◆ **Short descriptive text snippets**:

= Beginning of Section =

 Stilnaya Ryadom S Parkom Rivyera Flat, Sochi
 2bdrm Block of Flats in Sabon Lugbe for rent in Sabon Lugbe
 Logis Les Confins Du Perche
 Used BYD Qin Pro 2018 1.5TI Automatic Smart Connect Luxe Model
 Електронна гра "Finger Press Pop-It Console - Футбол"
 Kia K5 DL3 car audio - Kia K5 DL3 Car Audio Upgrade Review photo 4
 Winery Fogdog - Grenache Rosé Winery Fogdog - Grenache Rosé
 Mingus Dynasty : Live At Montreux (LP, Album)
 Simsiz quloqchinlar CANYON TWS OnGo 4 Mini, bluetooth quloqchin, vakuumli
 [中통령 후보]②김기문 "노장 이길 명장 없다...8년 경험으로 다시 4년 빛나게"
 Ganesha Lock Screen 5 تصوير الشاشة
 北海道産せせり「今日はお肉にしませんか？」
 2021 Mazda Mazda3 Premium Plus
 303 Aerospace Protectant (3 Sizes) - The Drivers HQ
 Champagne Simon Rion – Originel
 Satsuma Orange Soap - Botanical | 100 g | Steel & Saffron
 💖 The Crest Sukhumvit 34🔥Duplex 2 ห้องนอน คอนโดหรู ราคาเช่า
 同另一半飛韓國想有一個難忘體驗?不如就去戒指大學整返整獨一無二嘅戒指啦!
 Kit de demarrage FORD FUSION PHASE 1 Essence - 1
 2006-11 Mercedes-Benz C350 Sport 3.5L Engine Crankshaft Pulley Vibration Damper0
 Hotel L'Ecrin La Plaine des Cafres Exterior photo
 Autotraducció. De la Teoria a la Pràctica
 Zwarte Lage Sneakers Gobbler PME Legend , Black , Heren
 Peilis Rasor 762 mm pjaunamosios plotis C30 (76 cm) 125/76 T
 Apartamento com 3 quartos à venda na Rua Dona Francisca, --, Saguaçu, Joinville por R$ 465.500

= End of Section =

◆ **What you have to do**:
Among the lines above, find each one containing the string "photo" and copy it.

◆ **Task solution**:
 Kia K5 DL3 car audio - Kia K5 DL3 Car Audio Upgrade Review photo 4
 Hotel L'Ecrin La Plaine des Cafres Exterior photo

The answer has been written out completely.